WAL’s prefs are non-cumulative with 4.25% coupons, but the common has an ongoing dividend. Show me another idea that yields 9.2%, has 83% upside (to $21/share on March 9th), AND places you senior to Citadel.
Conclusion
My main concern is how long it could take for prices to reflect the worst-case scenario.
Obviously this is nothing like the GFC, but it took over a year for Bear to collapse after people saw smoke: how long would another round of failures take? The withdrawal risks from online, frictionless banking haven’t been addressed and it took over a year for real, systematic issues to be fully realized in 08.
The lack of transparency regarding deposit outflows or precedence makes me think there will be lingering risk for a while.

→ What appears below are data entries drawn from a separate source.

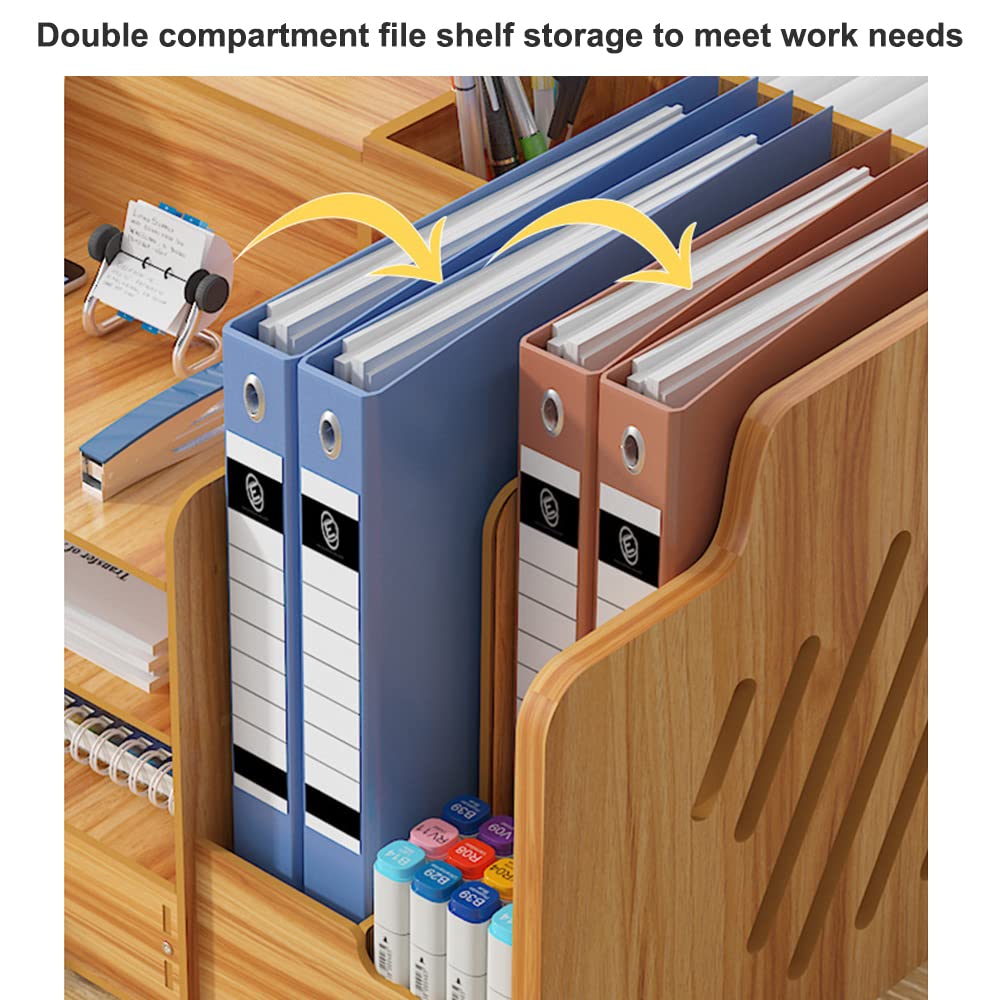 Organizer Portadocumenti Da Scrivania In Legno Con 12 Scomparti E Cassetto - Marrone, 49x30.5x41 Cm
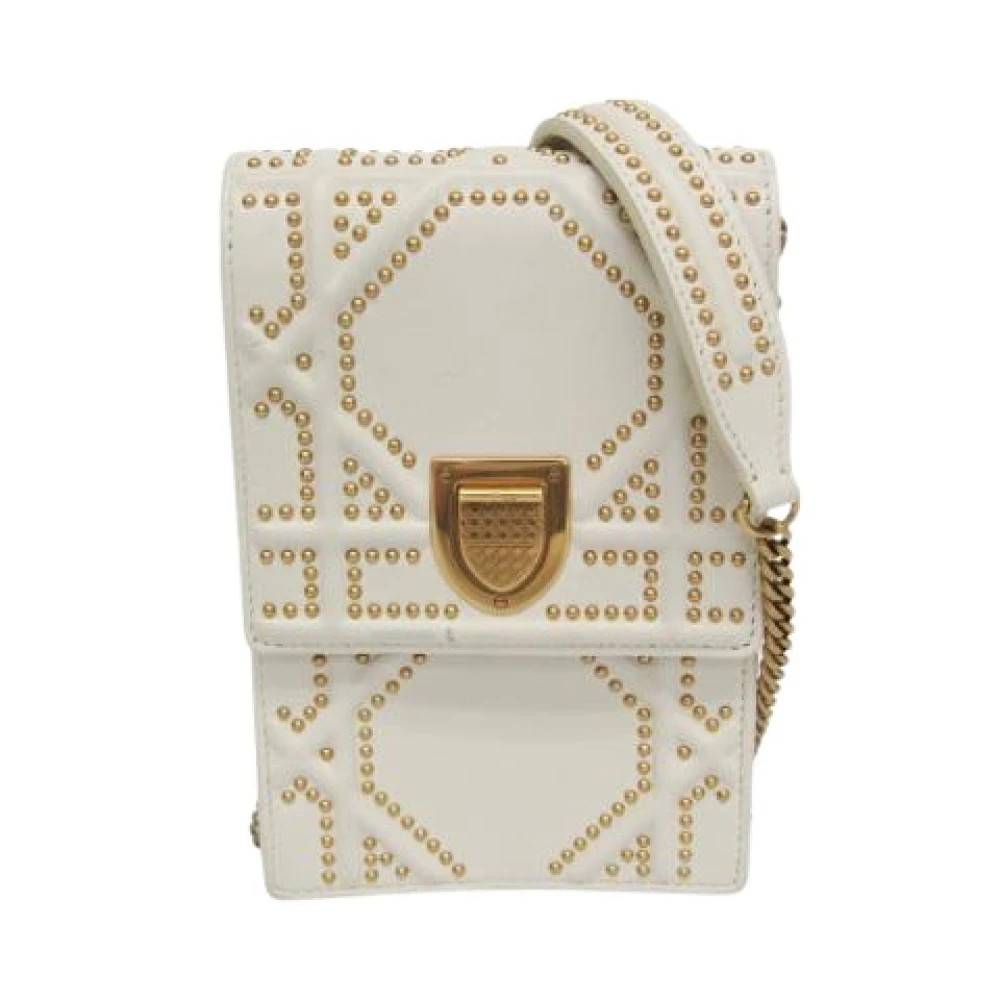 Dior Vintage Pre-owned Diorama Studs Chain Shoulder Bag - Vintage - Dame - Hvid - ONE SIZE - Uld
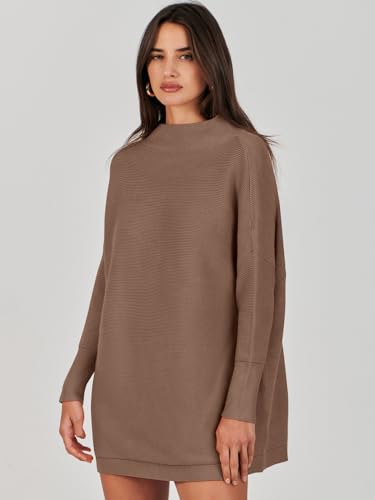 ANRABESS Suéter para Mujer 2023 Otoño Casual Suelto De Gran Tamaño Suéteres De Cuello Alto Vestido De Manga Larga Holgado Slouchy Punto Grueso Acogedor Cálido Invierno Jersey Túnica A277doukou-S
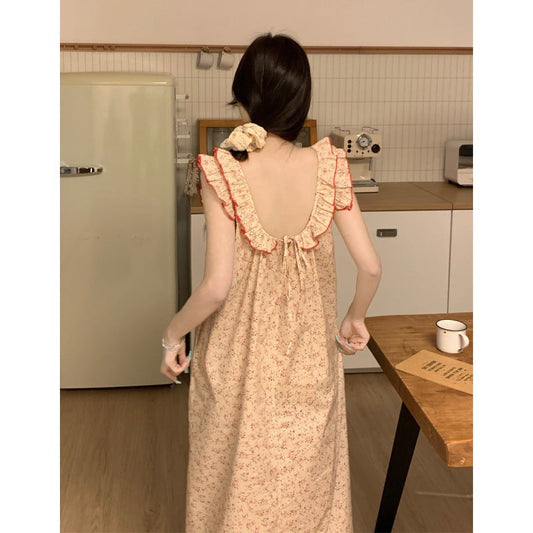 mvrsgreen alice in wonderland costume Korean Style Retro Floral Cotton Ruffled Strap Backless Pajamas Home Wear Nightdress for Women Summer New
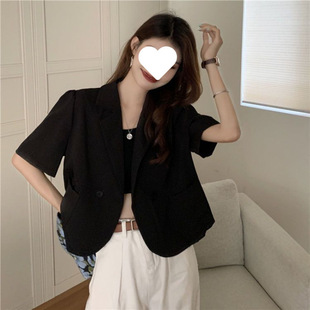 Suit Collar Shirt, Blazer, Women's Summer New Versatile Thin Jacket, Slimming, Loose Short Top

Who is to say that prices don’t recover to 80% of pre-crash value and then out of the blue another bank goes to 0 in 13 months? Sure, it’s unlikely we see Americans run banks after seeing increased FDIC protection, but how likely was it that a bunch of VCs would organize a bank run on their #1 supporter over the past 2 decades via twitter and slack? It would be foolish to ignore the fact that we are in an unprecedented situation.
I’m not interested in racing insiders to find the bottom in their shares, I want to see them with added personal risk on top of losing their jobs if the equity is wiped. From there, I think that with proper sizing a basket of these prefs can’t be ignored. Even if you don’t want to risk holding them, it will still be very fascinating to see how these bombed out securities perform over the next 12 months.
Finally, I’ve seen a good amount of people (whose investing opinions I respect) say that generalists should stay away and can’t possibly find alpha here. I disagree, respectfully. Obviously future margins and earnings of banks will be lower, but the idea that you should look away from prefs offering equity-like upside after an industry-wide fire sale doesn’t make sense to me. It’s a lazy or scared take, but both are fine since they don’t prevent making money. The beautiful thing about markets is that the best and brightest won’t look at everything, therefore opportunities exist.
Disclosure: I am currently long PACWP, CUBIPRF, WALPA, and TCBIO. Nothing above is investment advice.